Currently we legally privilege marriage with a variety of cultural assumptions, such as couples receiving insurance together; or having access to each other during emergency hospitalization; or being able to make monetary or medical decisions for each other; or being able to purchase things like legal protections or gym memberships for a reduced cost, as compared to two individual memberships. The list goes on for quite a while -- I think someone once figured out there were over one hundred legal goodies people automatically got at marriage.

But why must this be so? Consider all the furor we're currently having in US society about the definition of marriage. Is this really necessary? Marriage is a religious ritual for many, not a state-sanctioned need. That being the case, why do we privilege marriage?

What about the woman and her mother who're trying to raise her baby because the father ran out -- why can't the two women be considered as socially privileged as an opposite-sex couple who're also raising children? For that matter, if we want to be sure children have a strong economic and familial unit to grow up in, why are we insisting there can be only two adults?

We already have a plethora of scientific studies which show two working parents can just manage financially to raise children -- but that leaves the kids with no adults to raise them. What if we allowed the individuals themselves to decide what a family was, instead of letting the state do it for us -- what if a family came to mean enough adults that everyone could be happy and fulfilled, including the children?
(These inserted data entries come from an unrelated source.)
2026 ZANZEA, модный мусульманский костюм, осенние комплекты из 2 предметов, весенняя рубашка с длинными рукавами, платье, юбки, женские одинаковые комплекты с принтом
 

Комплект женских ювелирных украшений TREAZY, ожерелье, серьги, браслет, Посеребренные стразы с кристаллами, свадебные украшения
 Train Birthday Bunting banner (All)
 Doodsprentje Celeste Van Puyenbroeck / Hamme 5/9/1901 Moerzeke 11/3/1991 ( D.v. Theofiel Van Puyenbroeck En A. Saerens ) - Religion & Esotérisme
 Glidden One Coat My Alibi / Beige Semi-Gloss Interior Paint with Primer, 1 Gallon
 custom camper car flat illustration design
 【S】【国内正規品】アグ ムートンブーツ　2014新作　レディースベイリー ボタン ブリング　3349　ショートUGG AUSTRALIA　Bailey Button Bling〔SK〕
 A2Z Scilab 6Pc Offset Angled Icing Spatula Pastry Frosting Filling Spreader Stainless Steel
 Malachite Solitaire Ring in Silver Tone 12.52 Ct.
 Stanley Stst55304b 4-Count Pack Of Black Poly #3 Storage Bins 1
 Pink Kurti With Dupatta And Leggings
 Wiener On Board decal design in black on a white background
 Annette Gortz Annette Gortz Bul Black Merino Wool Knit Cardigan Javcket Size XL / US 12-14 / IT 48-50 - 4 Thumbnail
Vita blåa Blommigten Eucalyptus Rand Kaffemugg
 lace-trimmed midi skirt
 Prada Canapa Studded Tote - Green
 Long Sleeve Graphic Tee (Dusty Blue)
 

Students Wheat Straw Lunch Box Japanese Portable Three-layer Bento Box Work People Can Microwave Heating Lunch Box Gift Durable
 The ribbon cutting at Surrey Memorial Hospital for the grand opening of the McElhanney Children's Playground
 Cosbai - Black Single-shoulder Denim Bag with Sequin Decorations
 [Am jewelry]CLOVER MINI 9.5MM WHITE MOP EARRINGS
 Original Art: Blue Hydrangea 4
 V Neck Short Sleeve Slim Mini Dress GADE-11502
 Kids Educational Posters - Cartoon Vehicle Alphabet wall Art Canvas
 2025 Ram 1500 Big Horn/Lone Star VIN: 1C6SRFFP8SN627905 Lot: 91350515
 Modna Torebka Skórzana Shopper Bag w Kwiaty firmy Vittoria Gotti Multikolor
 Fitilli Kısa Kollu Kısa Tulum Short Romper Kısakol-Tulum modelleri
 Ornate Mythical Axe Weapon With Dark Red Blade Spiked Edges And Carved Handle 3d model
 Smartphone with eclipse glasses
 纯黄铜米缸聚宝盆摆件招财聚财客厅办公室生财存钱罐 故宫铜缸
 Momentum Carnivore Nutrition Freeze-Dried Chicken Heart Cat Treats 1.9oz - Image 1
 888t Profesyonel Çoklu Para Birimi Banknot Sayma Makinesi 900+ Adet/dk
Think about the possibilities -- a grandparent with her children living with her (married or not) would mean there were plenty of folks to look after and raise any kids, make sure someone could assist anyone injured or sick, keep grandmother alert and socially contributing, hold down enough jobs to have enough money to go around, and make sure there was enough economic safety net that taking a day off or getting a new job didn't leave the family in dire financial straits.

In what way is this example not a family? And yet, according to the state, if you're not married or the child of a married couple, you don't get to legally consider yourselves a family. Why is that? Why and when did we surrender to the state the right to define our families and our selves? Isn't it time to take that right back?